Convex Optimization
Key Points
- •Convex optimization studies minimizing convex functions over convex sets, where every local minimum is guaranteed to be a global minimum.
- •Convexity can be checked by geometry (epigraph is convex) or calculus (Hessian is positive semidefinite).
- •Common convex models in ML include LASSO, logistic regression, support vector machines, and many quadratic or linear programs.
- •Convexity is preserved under positive weighted sums, composition with affine maps, and pointwise maxima.
- •First-order methods (gradient, subgradient, proximal/ISTA) scale well to large problems by using only gradients and simple projections.
- •Second-order methods (Newton, quasi-Newton) converge faster but require solving linear systems per iteration.
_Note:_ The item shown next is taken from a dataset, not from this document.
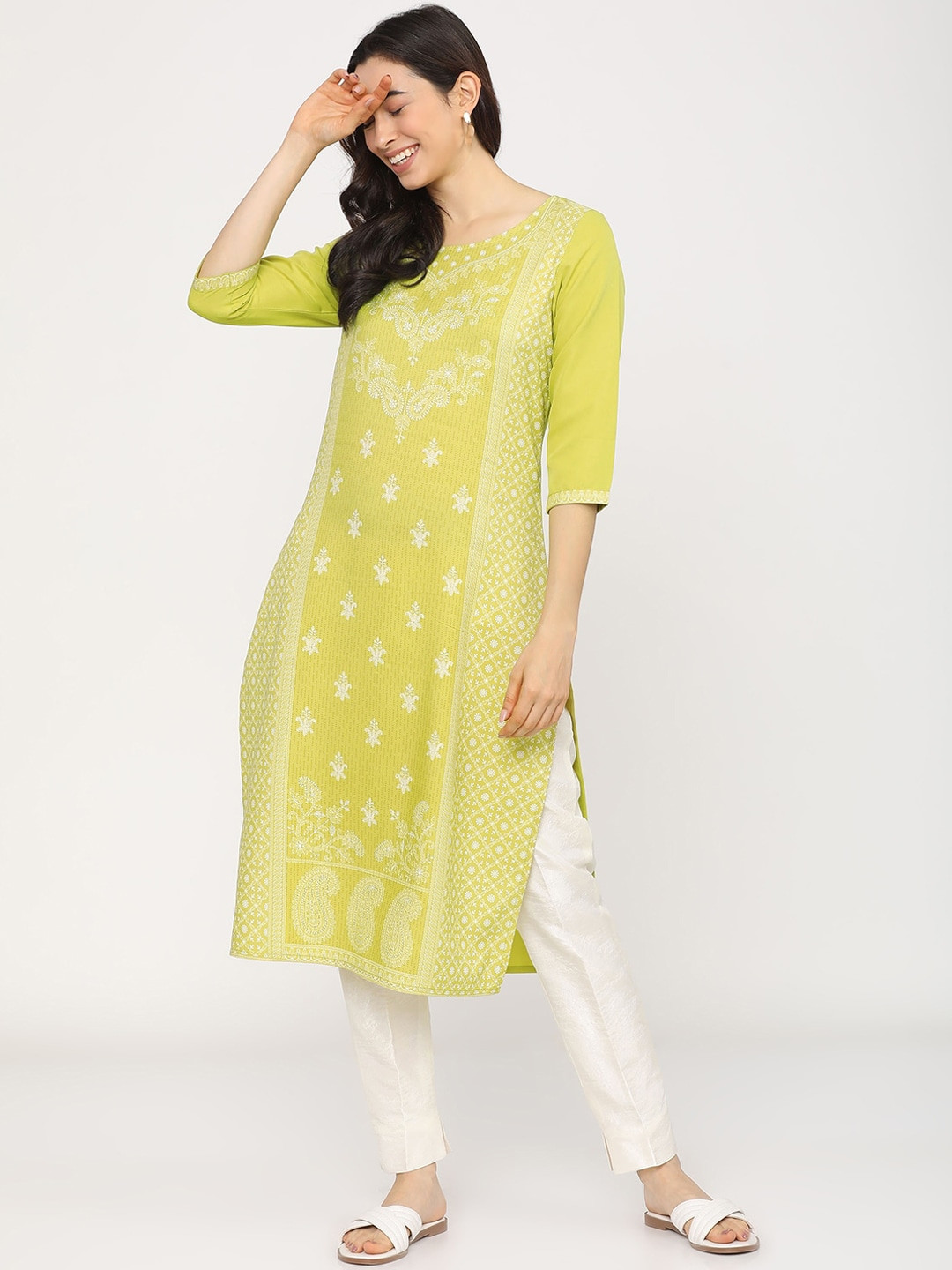KETCH Women Lime Green Ethnic Motifs Printed Kurta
- •Interior-point and barrier methods solve general cones/LP/QP to high accuracy in a small number of iterations.
- •C++ implementations require careful linear algebra (vectors, matrix–vector multiplies, line search) and attention to numerical stability.
Prerequisites
- →Linear algebra (vectors, matrices, norms, eigenvalues) — Convexity tests, gradients/Hessians, and algorithms rely on matrix calculus and spectral properties.
- →Calculus and multivariable optimization — Gradients, Hessians, Taylor expansions, and optimality conditions are central to algorithm design.
- →Probability and statistics — ML losses (logistic, least squares) and regularization have probabilistic interpretations used in modeling.
- →Numerical methods and stability — Line search, conditioning, and linear system solvers affect convergence and robustness of implementations.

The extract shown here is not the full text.